Yes, I appreciate that. Thanks, Tim. Just one last one; I don’t want to take all the Q&A time here. Is there anybody else involved in this EFS study, or is it entirely Aethlon?

Speaker 2

Well, it's primarily Aethlon and our academic collaborators, including both bench researchers and clinical practitioners who will care for these patients. We do have many other scientists involved, developing antibodies and characterizing exosomes through other institutions. While it’s a broad effort, the core relationship is between Aethlon and several related academic institutions.

Operator

[Operator instructions] The next question is from Ken Seel, a private investor. Please go ahead.

Speaker 5

Yes, there's been a lot of public writings lately about the mosquito-borne virus that has killed several people. I think it's referred to as the EEE virus. Was Hemopurifier considered for any type of treatment in those circumstances?

Speaker 2

It’s a great question, Ken. The virus you're referring to is Eastern Equine Encephalitis (EEE), which has unfortunately killed a number of people, predominantly children. We have been paying careful attention to this virus. Whether or not the Hemopurifier could be utilized for this indication is still uncertain. We have explored its efficacy with other closely related viruses, but not specifically with EEE. The practical challenge lies in the timing, as patients exhibiting life-threatening encephalitis from EEE would already have the virus in their brain. Therefore, it's uncertain whether the Hemopurifier could effectively help clear it. While it’s a potential target we've identified, we need more data to say anything definitive. However, it's crucial to recognize the potential applications of the Hemopurifier across virtually all viruses that affect humans, which include EEE, influenza, and chronic viral infections, potentially trapping them. As Chuck previously mentioned, targeting cancer may provide a faster pathway for us due to the identifiable patient population. Still, EEE remains on our radar as an area to investigate, albeit without adequate data as of now.

Operator

This concludes our question-and-answer session. I would like to turn the conference back over to Dr. Rodell for any closing remarks.

Speaker 2

Thank you again for calling in and staying updated on the company.

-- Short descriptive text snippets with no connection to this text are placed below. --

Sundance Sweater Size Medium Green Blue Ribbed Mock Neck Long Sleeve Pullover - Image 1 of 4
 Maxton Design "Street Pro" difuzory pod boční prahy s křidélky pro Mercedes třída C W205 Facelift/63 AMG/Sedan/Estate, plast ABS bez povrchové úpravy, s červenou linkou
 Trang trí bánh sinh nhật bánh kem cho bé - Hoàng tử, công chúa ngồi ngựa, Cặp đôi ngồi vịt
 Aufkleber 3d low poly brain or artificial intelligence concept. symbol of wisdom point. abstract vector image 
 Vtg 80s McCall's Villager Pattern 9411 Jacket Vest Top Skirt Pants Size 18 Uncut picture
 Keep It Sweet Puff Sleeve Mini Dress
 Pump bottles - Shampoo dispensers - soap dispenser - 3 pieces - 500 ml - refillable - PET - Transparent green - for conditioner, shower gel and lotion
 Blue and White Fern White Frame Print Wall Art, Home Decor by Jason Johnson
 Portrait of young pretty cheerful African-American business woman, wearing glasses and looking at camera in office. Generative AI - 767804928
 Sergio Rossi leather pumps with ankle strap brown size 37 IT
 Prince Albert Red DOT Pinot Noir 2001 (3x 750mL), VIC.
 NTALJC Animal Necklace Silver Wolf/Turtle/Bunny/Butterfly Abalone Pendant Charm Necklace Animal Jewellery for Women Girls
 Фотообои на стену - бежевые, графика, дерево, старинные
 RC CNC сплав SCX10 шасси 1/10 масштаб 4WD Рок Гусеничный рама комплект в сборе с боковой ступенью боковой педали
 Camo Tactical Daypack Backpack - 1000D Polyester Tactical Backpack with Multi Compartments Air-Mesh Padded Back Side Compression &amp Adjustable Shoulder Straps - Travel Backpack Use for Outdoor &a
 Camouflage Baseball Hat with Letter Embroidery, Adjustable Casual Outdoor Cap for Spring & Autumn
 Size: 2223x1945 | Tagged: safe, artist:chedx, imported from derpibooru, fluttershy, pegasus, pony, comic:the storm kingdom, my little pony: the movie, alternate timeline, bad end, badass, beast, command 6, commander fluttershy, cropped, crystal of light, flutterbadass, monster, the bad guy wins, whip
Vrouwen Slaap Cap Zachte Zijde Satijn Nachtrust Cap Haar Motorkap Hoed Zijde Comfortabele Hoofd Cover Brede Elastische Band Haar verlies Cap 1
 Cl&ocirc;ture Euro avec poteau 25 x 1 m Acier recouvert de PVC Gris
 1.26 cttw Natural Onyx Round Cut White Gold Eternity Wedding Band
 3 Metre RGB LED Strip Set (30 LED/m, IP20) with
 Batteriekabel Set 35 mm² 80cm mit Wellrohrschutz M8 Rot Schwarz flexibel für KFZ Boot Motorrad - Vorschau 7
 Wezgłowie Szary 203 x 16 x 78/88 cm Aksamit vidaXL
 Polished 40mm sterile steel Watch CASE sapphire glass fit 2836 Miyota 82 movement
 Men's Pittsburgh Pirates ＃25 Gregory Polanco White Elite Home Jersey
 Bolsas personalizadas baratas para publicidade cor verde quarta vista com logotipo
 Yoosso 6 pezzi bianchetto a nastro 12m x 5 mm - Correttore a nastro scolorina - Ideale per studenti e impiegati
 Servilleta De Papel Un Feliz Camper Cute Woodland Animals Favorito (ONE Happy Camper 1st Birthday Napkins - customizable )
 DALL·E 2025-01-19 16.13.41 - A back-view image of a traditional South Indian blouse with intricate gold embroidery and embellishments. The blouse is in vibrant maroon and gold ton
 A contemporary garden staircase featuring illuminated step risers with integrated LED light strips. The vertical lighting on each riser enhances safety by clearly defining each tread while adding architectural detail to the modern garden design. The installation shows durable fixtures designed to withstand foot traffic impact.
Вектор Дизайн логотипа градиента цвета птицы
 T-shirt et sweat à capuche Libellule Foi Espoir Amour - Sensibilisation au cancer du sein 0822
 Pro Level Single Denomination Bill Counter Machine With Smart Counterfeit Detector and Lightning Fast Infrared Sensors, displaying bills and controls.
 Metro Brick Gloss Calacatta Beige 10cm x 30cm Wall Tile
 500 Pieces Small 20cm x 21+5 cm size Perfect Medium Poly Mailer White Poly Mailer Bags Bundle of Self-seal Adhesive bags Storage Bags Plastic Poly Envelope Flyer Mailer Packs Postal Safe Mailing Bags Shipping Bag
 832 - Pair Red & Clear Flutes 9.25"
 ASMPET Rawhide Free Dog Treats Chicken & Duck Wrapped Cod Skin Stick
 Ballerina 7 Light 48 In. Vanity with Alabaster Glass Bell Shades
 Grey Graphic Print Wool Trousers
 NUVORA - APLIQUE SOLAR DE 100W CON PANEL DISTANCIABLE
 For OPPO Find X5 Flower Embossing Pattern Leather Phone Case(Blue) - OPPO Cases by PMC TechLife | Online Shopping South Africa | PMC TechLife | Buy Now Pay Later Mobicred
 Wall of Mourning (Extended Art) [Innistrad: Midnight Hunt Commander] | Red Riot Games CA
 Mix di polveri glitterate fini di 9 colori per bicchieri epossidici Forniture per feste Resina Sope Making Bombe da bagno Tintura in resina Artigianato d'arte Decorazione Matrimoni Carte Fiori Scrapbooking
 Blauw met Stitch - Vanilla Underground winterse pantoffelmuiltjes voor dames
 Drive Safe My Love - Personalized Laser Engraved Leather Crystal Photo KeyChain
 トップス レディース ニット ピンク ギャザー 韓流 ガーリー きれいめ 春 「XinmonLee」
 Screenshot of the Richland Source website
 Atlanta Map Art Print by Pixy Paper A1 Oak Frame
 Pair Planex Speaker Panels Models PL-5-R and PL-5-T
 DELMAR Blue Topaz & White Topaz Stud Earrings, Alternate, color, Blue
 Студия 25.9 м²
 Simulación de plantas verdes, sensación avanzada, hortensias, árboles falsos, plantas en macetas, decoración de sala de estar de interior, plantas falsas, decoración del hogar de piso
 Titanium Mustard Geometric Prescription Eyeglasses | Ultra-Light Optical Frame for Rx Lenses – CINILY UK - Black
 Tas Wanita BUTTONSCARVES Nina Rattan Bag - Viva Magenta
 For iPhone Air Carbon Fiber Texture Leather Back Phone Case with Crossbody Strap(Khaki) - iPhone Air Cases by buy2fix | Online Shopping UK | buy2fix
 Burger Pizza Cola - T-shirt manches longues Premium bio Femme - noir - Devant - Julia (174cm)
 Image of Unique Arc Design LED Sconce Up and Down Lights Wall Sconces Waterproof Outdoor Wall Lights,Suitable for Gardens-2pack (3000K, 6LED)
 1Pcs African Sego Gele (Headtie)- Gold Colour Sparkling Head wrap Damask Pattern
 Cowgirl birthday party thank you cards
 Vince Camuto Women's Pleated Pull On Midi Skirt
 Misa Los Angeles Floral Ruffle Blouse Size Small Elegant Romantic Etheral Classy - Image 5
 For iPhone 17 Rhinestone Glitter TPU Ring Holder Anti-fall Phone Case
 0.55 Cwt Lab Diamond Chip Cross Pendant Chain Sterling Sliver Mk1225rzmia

We believe we've made considerable progress over the last year. While we’re pleased with our advancements, we remain unsatisfied as there is much more work to do. We hope to share a lot more in the upcoming months. As I've said before, if you have questions you didn't have a chance to ask or think of later, we’re open to emails and phone calls for further discussion. As Jim mentioned, we plan to file our next 10-Q in February. Thank you, and we hope you all enjoy a great holiday season.

Operator

The conference is now concluded. Thank you for attending today’s presentation. You may now disconnect.